[RECORDS FOR THIS EXERCISE]
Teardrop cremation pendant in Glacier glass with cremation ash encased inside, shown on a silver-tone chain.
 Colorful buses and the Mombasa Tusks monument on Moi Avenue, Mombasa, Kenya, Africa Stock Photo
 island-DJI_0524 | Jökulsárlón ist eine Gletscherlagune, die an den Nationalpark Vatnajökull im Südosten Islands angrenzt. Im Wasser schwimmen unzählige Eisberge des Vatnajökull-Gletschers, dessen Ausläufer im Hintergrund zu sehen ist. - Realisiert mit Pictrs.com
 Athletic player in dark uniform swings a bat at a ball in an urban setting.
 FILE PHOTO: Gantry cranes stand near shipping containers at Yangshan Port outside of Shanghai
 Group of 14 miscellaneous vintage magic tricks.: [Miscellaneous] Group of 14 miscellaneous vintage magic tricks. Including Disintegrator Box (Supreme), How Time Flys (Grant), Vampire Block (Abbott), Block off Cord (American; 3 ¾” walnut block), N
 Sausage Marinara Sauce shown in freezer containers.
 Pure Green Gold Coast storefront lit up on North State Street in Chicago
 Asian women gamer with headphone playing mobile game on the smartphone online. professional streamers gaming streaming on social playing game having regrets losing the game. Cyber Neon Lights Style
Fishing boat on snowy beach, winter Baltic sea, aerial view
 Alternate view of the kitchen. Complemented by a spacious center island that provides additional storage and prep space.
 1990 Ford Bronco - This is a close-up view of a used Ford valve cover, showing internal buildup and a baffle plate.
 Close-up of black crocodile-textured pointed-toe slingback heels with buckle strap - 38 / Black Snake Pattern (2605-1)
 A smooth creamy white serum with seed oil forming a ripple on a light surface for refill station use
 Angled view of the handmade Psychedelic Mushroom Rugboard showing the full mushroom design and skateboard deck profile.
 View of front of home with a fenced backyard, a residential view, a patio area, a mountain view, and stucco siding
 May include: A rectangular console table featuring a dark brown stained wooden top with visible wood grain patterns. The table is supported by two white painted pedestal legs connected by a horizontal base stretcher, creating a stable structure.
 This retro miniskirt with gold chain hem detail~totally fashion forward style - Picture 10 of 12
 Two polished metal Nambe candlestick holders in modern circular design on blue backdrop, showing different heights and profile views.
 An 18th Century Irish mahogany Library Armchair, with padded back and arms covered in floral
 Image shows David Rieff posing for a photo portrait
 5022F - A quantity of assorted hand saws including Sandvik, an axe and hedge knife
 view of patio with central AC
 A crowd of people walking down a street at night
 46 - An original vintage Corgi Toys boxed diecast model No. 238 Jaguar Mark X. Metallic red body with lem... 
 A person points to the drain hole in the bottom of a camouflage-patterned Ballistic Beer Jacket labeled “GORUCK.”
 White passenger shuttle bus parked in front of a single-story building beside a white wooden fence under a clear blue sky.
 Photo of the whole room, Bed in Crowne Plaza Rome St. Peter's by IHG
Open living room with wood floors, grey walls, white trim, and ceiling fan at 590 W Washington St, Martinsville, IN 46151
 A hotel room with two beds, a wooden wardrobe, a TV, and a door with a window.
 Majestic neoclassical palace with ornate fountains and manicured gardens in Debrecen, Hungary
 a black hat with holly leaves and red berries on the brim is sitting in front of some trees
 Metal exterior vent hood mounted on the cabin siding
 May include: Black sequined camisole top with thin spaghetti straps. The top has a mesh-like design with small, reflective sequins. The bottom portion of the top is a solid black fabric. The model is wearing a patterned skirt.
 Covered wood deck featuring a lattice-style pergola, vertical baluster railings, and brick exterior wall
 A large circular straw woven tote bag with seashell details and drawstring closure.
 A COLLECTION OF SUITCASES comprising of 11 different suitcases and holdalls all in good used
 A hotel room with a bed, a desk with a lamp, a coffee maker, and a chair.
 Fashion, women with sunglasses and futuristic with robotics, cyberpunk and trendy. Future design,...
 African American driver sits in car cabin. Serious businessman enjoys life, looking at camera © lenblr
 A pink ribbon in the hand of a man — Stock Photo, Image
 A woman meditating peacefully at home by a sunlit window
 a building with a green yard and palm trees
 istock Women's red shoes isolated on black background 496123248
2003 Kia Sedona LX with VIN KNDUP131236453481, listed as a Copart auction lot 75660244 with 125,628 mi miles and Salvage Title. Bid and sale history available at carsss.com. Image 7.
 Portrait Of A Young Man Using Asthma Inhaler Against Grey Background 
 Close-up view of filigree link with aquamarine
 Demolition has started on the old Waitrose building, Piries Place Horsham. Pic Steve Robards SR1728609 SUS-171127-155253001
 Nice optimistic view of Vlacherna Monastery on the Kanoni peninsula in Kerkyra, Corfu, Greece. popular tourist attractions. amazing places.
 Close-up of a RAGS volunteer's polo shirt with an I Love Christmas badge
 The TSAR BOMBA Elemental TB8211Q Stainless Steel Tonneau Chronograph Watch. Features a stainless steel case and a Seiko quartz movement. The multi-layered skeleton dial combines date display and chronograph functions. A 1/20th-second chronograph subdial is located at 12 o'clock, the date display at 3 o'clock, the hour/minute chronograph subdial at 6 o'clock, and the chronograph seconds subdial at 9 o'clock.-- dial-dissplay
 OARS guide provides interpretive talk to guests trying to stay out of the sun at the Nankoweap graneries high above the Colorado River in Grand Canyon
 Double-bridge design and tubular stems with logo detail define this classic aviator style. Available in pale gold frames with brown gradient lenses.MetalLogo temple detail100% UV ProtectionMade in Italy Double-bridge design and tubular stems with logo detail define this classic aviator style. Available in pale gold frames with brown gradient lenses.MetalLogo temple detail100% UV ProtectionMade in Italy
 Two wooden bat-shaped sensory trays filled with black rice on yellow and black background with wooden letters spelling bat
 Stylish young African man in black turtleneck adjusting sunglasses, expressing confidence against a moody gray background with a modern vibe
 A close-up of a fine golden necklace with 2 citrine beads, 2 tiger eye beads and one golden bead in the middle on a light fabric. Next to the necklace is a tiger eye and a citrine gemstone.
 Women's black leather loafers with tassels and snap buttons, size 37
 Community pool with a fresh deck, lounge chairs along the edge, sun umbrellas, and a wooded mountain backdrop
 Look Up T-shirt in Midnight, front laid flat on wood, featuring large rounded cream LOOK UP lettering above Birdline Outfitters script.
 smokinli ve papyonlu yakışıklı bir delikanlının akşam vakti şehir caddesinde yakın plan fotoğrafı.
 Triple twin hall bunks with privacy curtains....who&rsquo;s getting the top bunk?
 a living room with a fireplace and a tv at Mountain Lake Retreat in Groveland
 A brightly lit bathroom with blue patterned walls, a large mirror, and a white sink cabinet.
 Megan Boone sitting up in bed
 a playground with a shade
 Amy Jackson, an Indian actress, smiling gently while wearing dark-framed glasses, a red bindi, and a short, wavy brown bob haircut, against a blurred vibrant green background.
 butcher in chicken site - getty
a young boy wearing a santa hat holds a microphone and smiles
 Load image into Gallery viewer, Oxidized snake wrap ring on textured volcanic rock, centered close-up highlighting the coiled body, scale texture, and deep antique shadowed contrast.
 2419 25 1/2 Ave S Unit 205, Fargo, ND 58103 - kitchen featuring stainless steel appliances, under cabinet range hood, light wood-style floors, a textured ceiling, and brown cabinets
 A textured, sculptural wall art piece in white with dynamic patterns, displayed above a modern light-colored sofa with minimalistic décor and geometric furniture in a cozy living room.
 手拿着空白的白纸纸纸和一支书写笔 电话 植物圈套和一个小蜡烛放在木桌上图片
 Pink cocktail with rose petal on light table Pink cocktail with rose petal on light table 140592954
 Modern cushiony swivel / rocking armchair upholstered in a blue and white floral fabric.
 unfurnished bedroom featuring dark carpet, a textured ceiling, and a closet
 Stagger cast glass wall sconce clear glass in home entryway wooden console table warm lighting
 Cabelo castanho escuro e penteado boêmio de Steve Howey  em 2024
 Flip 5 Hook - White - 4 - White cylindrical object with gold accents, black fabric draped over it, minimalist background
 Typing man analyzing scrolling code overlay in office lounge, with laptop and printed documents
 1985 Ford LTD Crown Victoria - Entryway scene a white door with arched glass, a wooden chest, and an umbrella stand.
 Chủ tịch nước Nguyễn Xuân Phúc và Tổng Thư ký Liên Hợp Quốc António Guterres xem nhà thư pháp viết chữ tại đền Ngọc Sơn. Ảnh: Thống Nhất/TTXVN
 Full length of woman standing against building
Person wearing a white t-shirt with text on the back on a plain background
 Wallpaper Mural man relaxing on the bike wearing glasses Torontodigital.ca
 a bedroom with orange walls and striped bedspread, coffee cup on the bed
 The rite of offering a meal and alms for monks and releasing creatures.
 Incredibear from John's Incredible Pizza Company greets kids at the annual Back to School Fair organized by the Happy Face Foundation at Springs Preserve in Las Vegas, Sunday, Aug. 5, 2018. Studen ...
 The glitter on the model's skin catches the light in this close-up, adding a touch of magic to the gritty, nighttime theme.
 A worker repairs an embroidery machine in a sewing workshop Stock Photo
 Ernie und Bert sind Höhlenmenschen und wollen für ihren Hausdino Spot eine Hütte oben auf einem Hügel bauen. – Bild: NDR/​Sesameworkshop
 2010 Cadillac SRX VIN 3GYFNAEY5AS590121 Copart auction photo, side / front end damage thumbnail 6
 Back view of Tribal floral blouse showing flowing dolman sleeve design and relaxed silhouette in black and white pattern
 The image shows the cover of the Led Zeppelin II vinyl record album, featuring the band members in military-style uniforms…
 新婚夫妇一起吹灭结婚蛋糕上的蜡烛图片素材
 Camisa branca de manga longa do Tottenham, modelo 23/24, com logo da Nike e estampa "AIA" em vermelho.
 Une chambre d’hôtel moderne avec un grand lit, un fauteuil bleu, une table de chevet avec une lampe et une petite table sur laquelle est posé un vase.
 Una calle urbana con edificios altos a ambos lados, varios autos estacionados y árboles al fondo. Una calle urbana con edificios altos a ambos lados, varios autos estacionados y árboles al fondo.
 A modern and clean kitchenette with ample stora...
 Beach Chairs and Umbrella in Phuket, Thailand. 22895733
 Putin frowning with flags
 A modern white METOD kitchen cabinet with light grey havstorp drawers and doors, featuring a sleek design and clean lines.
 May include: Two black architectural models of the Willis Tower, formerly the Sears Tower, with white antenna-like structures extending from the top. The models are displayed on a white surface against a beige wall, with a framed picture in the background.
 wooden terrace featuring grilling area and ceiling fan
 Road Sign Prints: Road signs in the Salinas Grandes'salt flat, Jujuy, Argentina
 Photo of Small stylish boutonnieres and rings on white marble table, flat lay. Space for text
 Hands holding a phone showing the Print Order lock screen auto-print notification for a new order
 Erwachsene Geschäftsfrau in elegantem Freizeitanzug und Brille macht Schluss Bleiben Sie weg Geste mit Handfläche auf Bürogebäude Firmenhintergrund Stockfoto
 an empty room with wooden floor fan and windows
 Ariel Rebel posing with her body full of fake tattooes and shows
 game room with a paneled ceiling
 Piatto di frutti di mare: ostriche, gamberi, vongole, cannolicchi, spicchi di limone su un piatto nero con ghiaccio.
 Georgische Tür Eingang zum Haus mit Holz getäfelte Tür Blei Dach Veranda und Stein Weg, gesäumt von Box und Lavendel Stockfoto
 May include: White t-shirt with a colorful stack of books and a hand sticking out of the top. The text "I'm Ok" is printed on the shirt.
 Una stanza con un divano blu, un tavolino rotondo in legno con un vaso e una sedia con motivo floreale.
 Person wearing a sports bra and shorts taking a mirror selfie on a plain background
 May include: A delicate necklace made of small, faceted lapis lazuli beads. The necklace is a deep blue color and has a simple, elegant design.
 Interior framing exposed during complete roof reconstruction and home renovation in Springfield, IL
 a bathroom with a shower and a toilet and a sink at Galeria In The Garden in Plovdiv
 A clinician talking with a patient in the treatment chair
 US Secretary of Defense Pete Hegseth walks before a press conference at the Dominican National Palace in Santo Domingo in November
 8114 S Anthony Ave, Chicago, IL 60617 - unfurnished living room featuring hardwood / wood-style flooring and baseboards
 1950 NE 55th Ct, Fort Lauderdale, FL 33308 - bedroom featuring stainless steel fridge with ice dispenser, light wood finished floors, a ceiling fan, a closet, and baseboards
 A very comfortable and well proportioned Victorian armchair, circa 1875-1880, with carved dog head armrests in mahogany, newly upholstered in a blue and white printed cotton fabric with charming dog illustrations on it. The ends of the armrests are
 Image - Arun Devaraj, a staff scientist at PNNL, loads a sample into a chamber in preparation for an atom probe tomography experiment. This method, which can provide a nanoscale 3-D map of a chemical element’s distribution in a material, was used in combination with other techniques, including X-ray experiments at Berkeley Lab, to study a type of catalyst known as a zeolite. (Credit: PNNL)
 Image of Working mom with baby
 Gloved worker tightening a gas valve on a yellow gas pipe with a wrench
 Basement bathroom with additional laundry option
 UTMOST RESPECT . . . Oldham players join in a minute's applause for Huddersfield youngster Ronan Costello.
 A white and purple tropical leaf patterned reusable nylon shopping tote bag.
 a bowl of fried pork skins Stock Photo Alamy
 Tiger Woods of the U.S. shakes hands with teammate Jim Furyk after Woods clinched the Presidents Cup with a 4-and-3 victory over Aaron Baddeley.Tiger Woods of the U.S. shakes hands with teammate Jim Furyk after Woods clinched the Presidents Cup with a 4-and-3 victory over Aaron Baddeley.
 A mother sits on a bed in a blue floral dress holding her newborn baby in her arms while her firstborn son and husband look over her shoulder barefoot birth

[EXERCISE BRIEF] Above are the records; copy exactly the lines from the line with "Road Sign Prints: Road" through the line with "8114 S Anthony", both included.

[TASK ANSWER]
 Road Sign Prints: Road signs in the Salinas Grandes'salt flat, Jujuy, Argentina
 Photo of Small stylish boutonnieres and rings on white marble table, flat lay. Space for text
 Hands holding a phone showing the Print Order lock screen auto-print notification for a new order
 Erwachsene Geschäftsfrau in elegantem Freizeitanzug und Brille macht Schluss Bleiben Sie weg Geste mit Handfläche auf Bürogebäude Firmenhintergrund Stockfoto
 an empty room with wooden floor fan and windows
 Ariel Rebel posing with her body full of fake tattooes and shows
 game room with a paneled ceiling
 Piatto di frutti di mare: ostriche, gamberi, vongole, cannolicchi, spicchi di limone su un piatto nero con ghiaccio.
 Georgische Tür Eingang zum Haus mit Holz getäfelte Tür Blei Dach Veranda und Stein Weg, gesäumt von Box und Lavendel Stockfoto
 May include: White t-shirt with a colorful stack of books and a hand sticking out of the top. The text "I'm Ok" is printed on the shirt.
 Una stanza con un divano blu, un tavolino rotondo in legno con un vaso e una sedia con motivo floreale.
 Person wearing a sports bra and shorts taking a mirror selfie on a plain background
 May include: A delicate necklace made of small, faceted lapis lazuli beads. The necklace is a deep blue color and has a simple, elegant design.
 Interior framing exposed during complete roof reconstruction and home renovation in Springfield, IL
 a bathroom with a shower and a toilet and a sink at Galeria In The Garden in Plovdiv
 A clinician talking with a patient in the treatment chair
 US Secretary of Defense Pete Hegseth walks before a press conference at the Dominican National Palace in Santo Domingo in November
 8114 S Anthony Ave, Chicago, IL 60617 - unfurnished living room featuring hardwood / wood-style flooring and baseboards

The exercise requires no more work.